Task description: Retype the entries below word for word, leaving out every picture.

Data supplied:
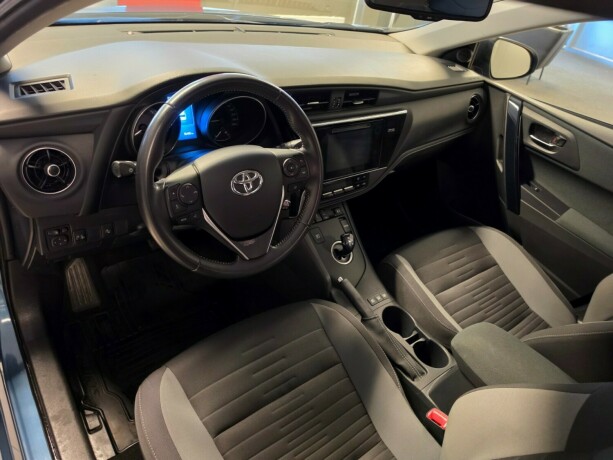 toyota-auris-elektrisitetbensin-2015-big-18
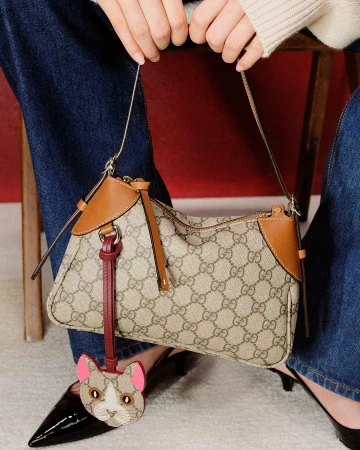Close-up of a person holding a monogram canvas shoulder bag with a cat charm, wearing blue jeans and black shoes against a red and beige backdrop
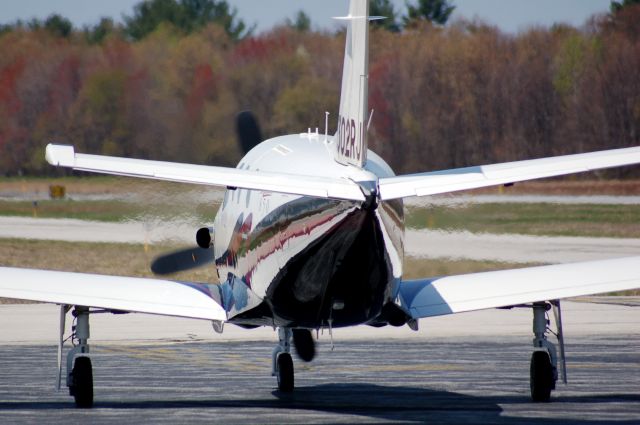 Socata TBM-850 (N302RJ) - F1 Airs newest toy on the airfield emitting some warm-looking exhaust on a chilly day (see N301RJ)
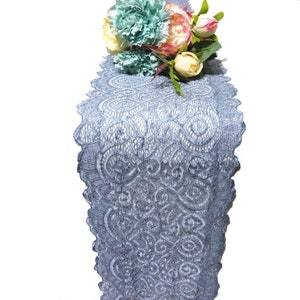 Könnte beinhalten: Ein blauer Tischläufer aus Spitze mit einem zarten Blumenmuster. Der Läufer ist mit einem Strauß künstlicher Blumen in den Farben Blau, Rosa und Weiß verziert.
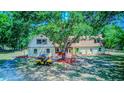 Charming home exterior featuring a large tree providing shade, a golf cart, and well-maintained landscaping at 15345 Rockridge Rd, Polk City, FL 33868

Result below:
 toyota-auris-elektrisitetbensin-2015-big-18
Close-up of a person holding a monogram canvas shoulder bag with a cat charm, wearing blue jeans and black shoes against a red and beige backdrop
 Socata TBM-850 (N302RJ) - F1 Airs newest toy on the airfield emitting some warm-looking exhaust on a chilly day (see N301RJ)
 Könnte beinhalten: Ein blauer Tischläufer aus Spitze mit einem zarten Blumenmuster. Der Läufer ist mit einem Strauß künstlicher Blumen in den Farben Blau, Rosa und Weiß verziert.
 Charming home exterior featuring a large tree providing shade, a golf cart, and well-maintained landscaping at 15345 Rockridge Rd, Polk City, FL 33868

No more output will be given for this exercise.